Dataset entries

-=-=-=-=-

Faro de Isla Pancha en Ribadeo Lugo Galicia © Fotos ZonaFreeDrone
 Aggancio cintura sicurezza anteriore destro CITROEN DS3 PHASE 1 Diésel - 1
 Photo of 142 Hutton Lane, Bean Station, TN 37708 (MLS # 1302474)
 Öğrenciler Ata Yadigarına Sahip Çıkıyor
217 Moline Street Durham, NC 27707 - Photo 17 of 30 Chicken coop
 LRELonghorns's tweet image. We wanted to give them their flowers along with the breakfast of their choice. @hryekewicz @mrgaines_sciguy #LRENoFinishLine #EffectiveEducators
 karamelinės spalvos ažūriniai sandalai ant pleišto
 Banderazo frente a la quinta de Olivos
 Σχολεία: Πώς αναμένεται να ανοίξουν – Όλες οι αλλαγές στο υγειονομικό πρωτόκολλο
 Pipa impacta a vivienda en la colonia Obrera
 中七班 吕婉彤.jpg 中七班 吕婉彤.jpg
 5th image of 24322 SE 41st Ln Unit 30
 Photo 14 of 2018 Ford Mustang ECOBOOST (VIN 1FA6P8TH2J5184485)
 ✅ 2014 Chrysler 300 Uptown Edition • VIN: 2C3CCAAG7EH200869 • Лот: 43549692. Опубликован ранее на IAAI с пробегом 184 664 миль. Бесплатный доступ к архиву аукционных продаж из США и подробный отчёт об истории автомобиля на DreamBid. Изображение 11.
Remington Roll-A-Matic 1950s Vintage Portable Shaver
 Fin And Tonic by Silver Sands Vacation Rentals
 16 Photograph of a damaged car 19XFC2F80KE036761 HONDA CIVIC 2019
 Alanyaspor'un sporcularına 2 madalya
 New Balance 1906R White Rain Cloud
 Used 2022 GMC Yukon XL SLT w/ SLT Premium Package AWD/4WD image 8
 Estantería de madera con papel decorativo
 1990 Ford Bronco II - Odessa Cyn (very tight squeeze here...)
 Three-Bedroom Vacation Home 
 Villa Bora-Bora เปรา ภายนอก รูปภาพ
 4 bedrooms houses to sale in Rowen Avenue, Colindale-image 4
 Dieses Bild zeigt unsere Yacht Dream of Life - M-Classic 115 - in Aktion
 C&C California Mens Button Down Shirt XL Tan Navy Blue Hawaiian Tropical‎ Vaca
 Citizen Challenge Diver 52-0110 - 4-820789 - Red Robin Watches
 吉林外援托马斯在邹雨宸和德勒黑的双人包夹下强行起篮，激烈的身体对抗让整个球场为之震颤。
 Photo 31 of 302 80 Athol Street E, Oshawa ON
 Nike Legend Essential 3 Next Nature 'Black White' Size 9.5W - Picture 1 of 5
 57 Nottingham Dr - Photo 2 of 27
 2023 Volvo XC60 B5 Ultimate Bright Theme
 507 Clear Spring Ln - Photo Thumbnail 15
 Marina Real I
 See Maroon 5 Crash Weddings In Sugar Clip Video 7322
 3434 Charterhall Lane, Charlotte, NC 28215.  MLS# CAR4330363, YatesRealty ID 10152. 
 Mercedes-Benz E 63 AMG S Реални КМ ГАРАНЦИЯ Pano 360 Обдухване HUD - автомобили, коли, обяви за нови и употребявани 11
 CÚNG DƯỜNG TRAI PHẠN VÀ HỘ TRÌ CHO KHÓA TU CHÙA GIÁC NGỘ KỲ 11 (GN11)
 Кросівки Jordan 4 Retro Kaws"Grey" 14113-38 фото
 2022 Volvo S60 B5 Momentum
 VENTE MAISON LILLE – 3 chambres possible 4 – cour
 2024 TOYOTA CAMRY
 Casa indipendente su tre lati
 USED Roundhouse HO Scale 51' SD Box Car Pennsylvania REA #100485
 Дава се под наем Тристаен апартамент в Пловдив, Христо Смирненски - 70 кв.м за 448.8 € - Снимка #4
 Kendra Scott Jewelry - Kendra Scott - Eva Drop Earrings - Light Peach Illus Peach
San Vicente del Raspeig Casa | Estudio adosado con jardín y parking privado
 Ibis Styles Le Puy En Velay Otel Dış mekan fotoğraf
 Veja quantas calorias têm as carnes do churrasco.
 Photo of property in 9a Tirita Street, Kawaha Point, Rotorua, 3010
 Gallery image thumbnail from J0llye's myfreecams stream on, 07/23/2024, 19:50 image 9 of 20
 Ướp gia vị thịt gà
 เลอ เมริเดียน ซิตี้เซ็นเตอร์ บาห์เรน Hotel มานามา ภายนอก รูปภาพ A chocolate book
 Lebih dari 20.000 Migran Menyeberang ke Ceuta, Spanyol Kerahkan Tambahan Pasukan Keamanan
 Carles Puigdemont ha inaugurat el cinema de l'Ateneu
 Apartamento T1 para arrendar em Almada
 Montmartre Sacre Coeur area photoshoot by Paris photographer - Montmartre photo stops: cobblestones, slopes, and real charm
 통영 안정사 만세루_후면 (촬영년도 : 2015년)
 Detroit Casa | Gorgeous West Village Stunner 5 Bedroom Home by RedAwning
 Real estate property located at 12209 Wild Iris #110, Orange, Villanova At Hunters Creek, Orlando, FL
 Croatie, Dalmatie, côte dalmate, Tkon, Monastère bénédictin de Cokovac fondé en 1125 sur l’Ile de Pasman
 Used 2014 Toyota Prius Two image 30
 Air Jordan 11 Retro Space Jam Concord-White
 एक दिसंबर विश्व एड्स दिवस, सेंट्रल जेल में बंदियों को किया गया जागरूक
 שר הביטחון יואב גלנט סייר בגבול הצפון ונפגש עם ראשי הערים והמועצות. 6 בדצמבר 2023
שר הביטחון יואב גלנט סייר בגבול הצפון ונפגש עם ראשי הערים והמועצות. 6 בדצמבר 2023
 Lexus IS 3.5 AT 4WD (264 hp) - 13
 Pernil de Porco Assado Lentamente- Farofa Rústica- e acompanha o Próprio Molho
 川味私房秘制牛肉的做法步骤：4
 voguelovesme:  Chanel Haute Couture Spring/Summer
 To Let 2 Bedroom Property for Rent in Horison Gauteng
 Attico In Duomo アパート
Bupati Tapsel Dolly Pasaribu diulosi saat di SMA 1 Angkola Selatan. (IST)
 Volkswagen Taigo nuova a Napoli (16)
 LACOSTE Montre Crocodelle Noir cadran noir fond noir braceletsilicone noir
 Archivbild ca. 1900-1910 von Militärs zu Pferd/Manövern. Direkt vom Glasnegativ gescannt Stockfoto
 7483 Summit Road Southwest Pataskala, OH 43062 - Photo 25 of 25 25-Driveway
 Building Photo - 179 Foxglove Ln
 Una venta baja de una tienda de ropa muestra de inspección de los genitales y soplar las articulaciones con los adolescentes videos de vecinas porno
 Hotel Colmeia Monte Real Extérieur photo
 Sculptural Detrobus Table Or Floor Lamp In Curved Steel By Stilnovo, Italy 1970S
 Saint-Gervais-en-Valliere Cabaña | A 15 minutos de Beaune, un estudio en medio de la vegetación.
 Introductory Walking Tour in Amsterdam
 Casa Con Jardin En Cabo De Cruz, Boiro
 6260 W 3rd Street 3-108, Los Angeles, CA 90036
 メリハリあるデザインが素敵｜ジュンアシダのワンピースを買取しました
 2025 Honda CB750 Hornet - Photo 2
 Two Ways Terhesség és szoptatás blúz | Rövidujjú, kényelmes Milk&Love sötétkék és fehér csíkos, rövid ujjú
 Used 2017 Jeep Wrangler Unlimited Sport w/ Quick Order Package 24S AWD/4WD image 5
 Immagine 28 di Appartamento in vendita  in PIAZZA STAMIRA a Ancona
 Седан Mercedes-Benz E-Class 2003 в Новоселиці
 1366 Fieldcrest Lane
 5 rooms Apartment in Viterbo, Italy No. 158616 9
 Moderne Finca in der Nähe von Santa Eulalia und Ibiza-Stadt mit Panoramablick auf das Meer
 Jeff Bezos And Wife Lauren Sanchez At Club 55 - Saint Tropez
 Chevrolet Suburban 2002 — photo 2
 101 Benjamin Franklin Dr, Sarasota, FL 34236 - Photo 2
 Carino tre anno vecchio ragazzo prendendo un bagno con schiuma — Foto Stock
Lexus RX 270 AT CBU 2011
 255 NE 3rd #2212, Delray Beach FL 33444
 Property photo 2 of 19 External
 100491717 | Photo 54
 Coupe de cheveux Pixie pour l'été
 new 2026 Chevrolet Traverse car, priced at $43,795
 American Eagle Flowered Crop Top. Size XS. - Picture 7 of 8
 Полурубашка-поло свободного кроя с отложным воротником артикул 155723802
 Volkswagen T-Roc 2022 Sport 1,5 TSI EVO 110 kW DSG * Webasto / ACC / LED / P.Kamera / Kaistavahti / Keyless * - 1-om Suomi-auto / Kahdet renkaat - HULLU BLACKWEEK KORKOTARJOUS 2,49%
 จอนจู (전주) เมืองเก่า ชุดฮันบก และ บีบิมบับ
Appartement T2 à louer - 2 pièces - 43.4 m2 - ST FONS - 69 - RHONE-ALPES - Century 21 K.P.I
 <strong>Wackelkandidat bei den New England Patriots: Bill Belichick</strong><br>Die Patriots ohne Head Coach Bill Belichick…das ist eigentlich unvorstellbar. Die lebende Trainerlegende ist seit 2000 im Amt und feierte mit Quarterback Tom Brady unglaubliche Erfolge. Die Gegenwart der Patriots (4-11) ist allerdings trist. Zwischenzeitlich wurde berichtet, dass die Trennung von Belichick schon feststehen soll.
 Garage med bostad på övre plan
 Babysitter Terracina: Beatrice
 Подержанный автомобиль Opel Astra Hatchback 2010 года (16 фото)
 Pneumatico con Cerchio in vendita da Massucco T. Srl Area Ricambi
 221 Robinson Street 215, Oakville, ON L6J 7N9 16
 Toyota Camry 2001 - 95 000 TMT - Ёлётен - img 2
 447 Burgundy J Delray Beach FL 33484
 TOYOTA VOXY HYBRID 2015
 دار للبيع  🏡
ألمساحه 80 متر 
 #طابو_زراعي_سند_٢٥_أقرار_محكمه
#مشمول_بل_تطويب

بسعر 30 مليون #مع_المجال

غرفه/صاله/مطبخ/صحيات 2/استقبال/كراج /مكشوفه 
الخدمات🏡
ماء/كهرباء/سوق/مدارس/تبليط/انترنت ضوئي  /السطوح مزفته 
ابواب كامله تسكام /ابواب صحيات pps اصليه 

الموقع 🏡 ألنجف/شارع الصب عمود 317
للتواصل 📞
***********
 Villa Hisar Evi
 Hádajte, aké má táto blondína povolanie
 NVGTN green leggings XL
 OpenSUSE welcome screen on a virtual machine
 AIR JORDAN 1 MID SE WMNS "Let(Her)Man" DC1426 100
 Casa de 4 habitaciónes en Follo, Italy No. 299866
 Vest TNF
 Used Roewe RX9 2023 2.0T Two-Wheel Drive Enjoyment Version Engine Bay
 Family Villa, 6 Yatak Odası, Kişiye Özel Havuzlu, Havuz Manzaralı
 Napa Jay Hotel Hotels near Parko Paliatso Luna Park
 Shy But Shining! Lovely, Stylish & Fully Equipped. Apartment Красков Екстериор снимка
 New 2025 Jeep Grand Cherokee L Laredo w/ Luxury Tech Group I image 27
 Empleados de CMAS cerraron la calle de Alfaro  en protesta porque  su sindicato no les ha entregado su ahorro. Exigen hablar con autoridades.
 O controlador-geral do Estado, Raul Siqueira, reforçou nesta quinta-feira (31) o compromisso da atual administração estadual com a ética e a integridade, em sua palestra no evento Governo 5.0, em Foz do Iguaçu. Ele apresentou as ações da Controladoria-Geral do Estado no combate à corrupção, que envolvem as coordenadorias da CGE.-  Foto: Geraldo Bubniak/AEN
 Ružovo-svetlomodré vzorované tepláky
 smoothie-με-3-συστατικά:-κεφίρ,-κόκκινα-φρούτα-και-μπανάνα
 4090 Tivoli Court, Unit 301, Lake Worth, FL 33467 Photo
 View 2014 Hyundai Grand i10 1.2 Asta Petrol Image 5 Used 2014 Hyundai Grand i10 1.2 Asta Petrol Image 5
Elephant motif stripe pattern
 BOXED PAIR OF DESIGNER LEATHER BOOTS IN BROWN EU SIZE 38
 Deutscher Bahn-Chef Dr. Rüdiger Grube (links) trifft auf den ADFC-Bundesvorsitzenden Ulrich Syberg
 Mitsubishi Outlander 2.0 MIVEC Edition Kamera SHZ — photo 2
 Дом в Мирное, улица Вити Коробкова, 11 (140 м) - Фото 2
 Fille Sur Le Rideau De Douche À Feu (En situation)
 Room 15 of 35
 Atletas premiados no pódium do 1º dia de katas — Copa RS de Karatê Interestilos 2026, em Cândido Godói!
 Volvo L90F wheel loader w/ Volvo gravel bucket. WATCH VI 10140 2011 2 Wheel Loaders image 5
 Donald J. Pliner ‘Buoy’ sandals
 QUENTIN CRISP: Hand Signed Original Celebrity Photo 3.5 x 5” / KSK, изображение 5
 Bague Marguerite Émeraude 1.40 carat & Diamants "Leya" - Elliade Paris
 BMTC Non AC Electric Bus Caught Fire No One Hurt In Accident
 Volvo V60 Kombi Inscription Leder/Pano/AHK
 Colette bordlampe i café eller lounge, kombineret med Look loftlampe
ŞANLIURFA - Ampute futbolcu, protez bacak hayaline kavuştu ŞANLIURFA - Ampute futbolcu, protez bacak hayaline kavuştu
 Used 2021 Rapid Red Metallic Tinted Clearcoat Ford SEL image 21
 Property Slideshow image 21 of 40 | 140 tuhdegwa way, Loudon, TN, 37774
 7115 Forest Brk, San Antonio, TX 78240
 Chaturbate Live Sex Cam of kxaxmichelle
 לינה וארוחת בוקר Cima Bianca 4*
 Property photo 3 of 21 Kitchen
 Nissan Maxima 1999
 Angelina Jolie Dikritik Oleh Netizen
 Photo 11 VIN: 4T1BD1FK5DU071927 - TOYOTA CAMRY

-=-=-=-=-

Exercise details
State how many lines of the entries above include the word "Benz", offering no text other than the number.

Exercise solution
2